• **WHAT NEEDS TO BE DONE**
Every line below between the one holding "Joyful Daily Stitching, Seam" and the one holding "9th Math New", inclusive, should be copied exactly, and no other line.

• **DATA SUPPLIED**
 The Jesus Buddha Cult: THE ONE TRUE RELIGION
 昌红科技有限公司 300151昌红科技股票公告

...

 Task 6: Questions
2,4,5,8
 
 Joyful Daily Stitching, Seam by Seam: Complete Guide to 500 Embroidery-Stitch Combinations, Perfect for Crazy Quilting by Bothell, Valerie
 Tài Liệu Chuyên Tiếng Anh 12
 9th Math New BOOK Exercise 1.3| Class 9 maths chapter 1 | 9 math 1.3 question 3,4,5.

• **RESULT**
 Joyful Daily Stitching, Seam by Seam: Complete Guide to 500 Embroidery-Stitch Combinations, Perfect for Crazy Quilting by Bothell, Valerie
 Tài Liệu Chuyên Tiếng Anh 12
 9th Math New BOOK Exercise 1.3| Class 9 maths chapter 1 | 9 math 1.3 question 3,4,5.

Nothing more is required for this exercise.